Relevant Development Collections
While the MIREX datasets will be used for evaluation, participants may find the following publicly available annotated corpora useful for development. Please note that the annotations in these corpora will also need to be mapped to the 7-class functional labeling scheme if used for training models for this task.
- Jouni Paulus's structure analysis page links to a corpus of 177 Beatles songs (zip file). The TUTstructure07 dataset, containing 557 songs, is also listed here.
- Ewald Peiszer's thesis page links to a portion of his corpus: 43 non-Beatles pop songs (including 10 J-pop songs) (zip file).

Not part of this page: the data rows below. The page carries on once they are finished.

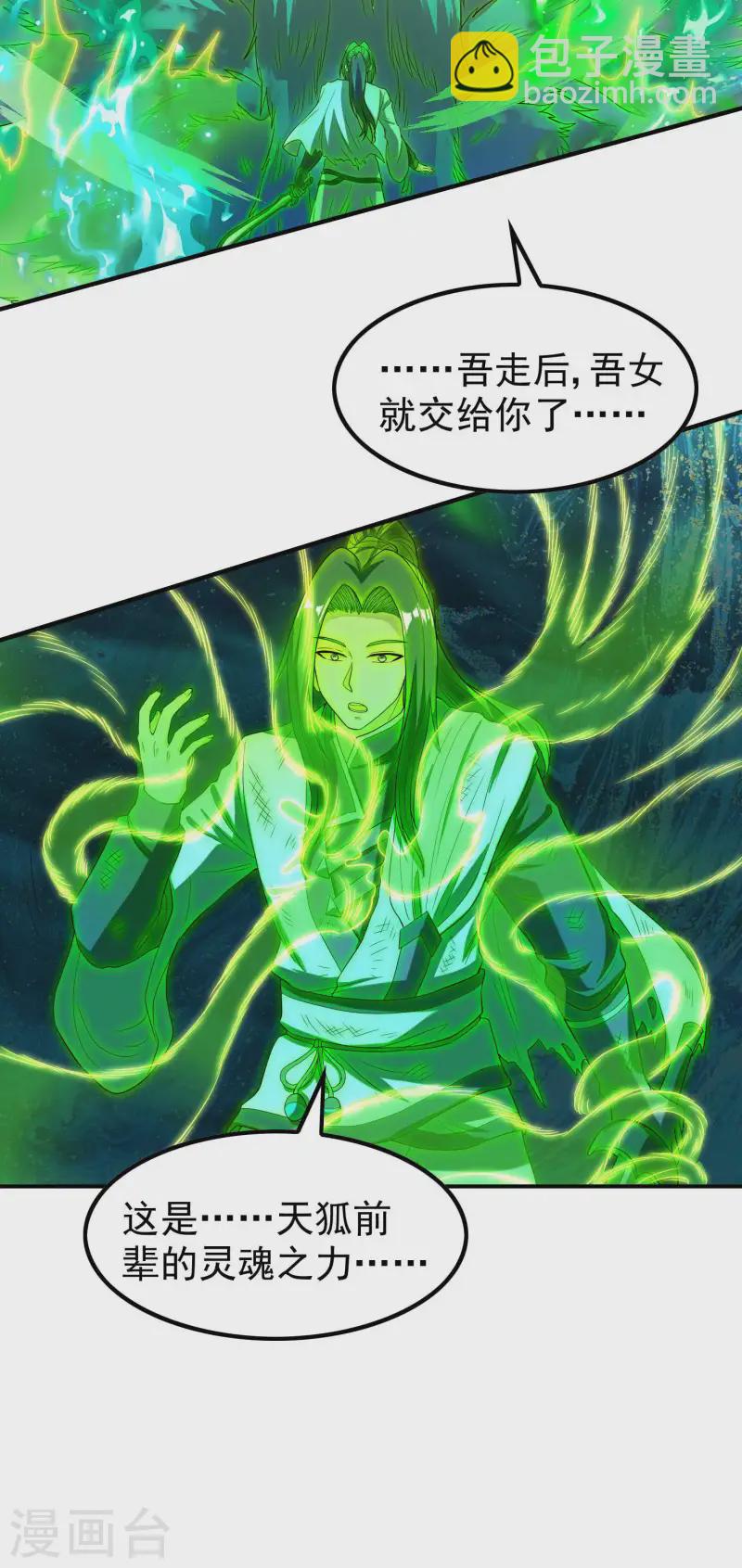 第220话 十级大陆(1/2)-第226话
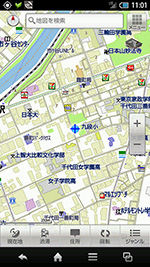 「ドコモ地図ナビ」を申し込むことで、乗り換え案内やナビゲーション機能も利用できる「地図アプリ」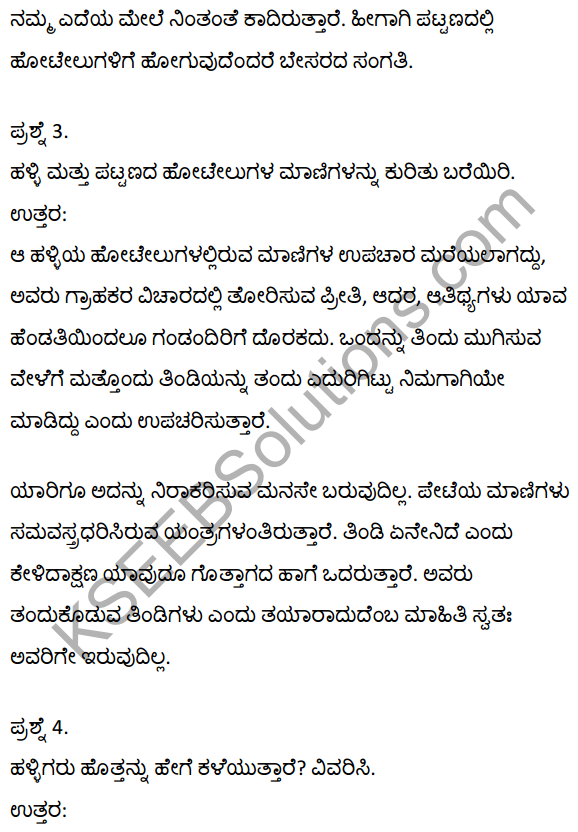 2nd PUC Kannada Textbook Answers Sahitya Sampada Chapter 20 Halliya Chaha Hotelugalu 14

These public corpora offer over 200 songs that can be adapted for development purposes.
Time and Hardware Limits
Due to the nature of the CodeBench platform and the potentially high number of participants, limits on the runtime and computational resources for submissions may be imposed. Specific details regarding these limits will be provided closer to the submission deadline. A general guideline is that analysis should be computationally feasible. For reference, a hard limit of 24 hours for total analysis time over the evaluation dataset was imposed in previous iterations, and a similar constraint might apply.